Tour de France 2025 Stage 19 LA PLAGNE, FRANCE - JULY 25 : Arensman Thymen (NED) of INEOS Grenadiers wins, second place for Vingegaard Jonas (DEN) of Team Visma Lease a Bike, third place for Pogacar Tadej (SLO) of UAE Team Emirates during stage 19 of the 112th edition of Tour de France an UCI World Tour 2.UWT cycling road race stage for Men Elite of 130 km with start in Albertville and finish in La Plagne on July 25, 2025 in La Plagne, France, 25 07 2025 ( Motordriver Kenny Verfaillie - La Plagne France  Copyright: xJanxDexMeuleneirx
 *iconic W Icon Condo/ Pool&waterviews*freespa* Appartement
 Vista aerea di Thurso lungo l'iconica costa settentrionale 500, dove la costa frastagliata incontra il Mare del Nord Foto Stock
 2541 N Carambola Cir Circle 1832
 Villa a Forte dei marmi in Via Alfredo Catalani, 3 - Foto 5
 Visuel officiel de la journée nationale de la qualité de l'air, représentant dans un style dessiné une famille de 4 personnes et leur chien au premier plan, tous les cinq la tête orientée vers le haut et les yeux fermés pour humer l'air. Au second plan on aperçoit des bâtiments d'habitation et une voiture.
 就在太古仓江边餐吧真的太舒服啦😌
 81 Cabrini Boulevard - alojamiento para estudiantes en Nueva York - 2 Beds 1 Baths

··········

- [TRY IT]
Write out every line from the data above that includes "second".

- [TASK RESULT]
Tour de France 2025 Stage 19 LA PLAGNE, FRANCE - JULY 25 : Arensman Thymen (NED) of INEOS Grenadiers wins, second place for Vingegaard Jonas (DEN) of Team Visma Lease a Bike, third place for Pogacar Tadej (SLO) of UAE Team Emirates during stage 19 of the 112th edition of Tour de France an UCI World Tour 2.UWT cycling road race stage for Men Elite of 130 km with start in Albertville and finish in La Plagne on July 25, 2025 in La Plagne, France, 25 07 2025 ( Motordriver Kenny Verfaillie - La Plagne France  Copyright: xJanxDexMeuleneirx
 Visuel officiel de la journée nationale de la qualité de l'air, représentant dans un style dessiné une famille de 4 personnes et leur chien au premier plan, tous les cinq la tête orientée vers le haut et les yeux fermés pour humer l'air. Au second plan on aperçoit des bâtiments d'habitation et une voiture.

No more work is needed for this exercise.